If this will not work for you and you still need to return to an earlier version, you must reimage.

Revert Threat Defense

Reverting threat defense returns the software to its state just before the last major or maintenance upgrade. Reverting after patching necessarily removes patches as well. You must enable revert when you upgrade the device, so the system can save a revert snapshot.

About Reverting Threat Defense

Reverted Configurations

Configurations that are reverted include:

  • Snort version.

  • Device-specific configurations.

    General device settings, routing, interfaces, inline sets, DHCP, SNMP — anything you configure on the Devices > Device Management page.

  • Objects used by your device-specific configurations.

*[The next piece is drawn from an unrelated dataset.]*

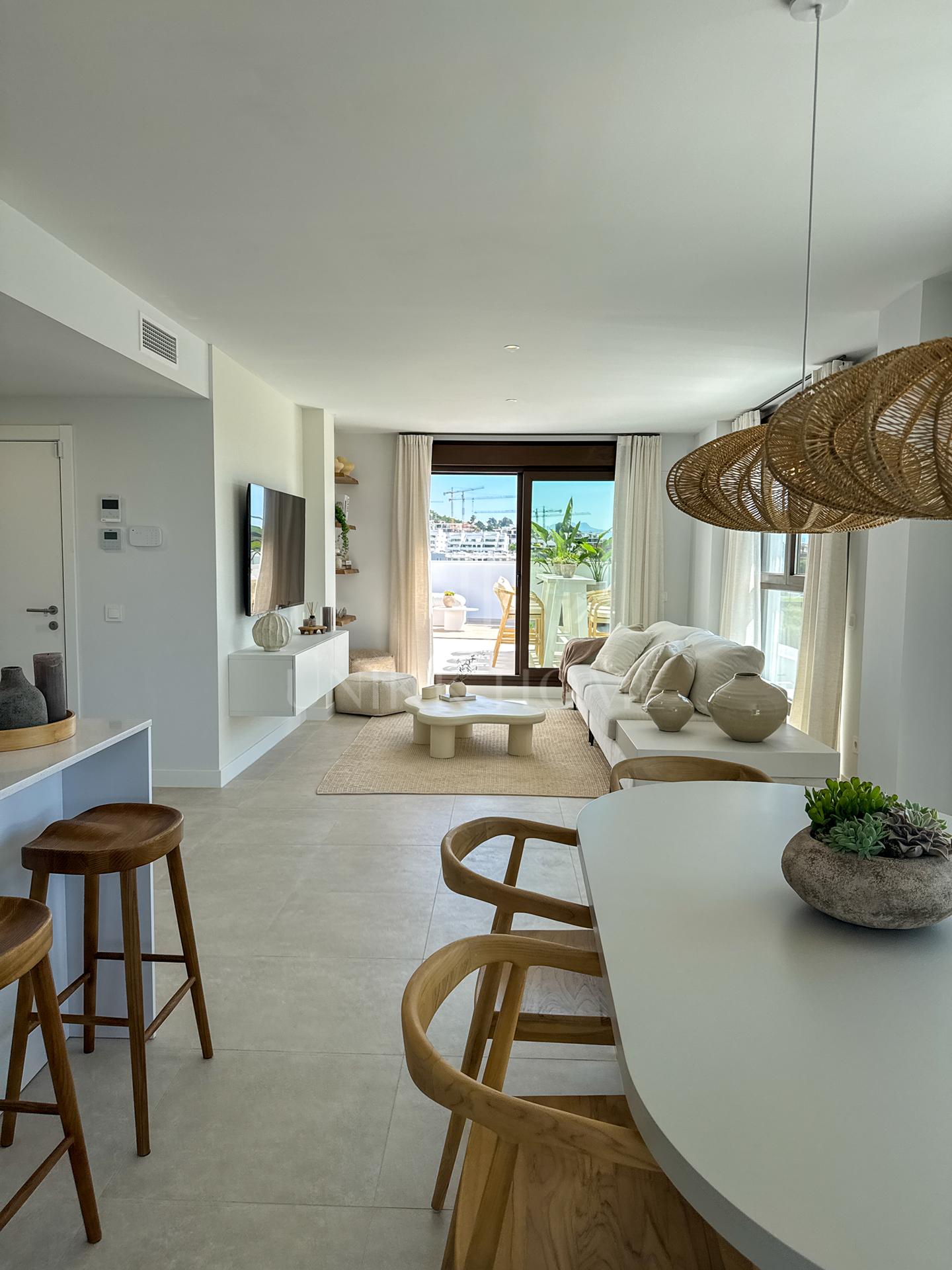 Ático amueblado listo para entrar a vivir con vistas al mar y terraza de 40 m² – Estepona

    These include access list, AS path, key chain, interface, network, port, route map, and SLA monitor objects. If you edited these objects after you upgraded the device, the system creates new objects or configure object overrides for the reverted device to use. This allows your other devices to continue handling traffic according to their current configuration.

    After a successful revert, we recommend you examine the objects used by the reverted device and make any necessary adjustments.

Configurations Not Reverted

Configurations that are not reverted include:

  • Shared policies that can be used by multiple devices; for example, platform settings or access control policies.

    A successfully reverted device is marked out-of-date and you should redeploy configurations.

  • For the Firepower 4100/9300, interface changes made using the Secure Firewall chassis manager or the FXOS CLI.

    Sync interface changes after a successful revert.

  • For the Firepower 4100/9300, FXOS and firmware.

    If you are required to run the recommended combination of FXOS and threat defense, you may need a full reimage; see Revert Guidelines for Threat Defense.

Revert Guidelines for Threat Defense

System Requirements

Reverting threat defense requires Version 7.1+ on the device and the management center. For example, even though a Version 7.1 management center can manage a device as far back as Version 6.5, and even though you can use that Version 7.1 management center to upgrade a device to intermediate versions (6.6, 6.7, 7.0), revert is not supported until you upgrade the device to Version 7.1.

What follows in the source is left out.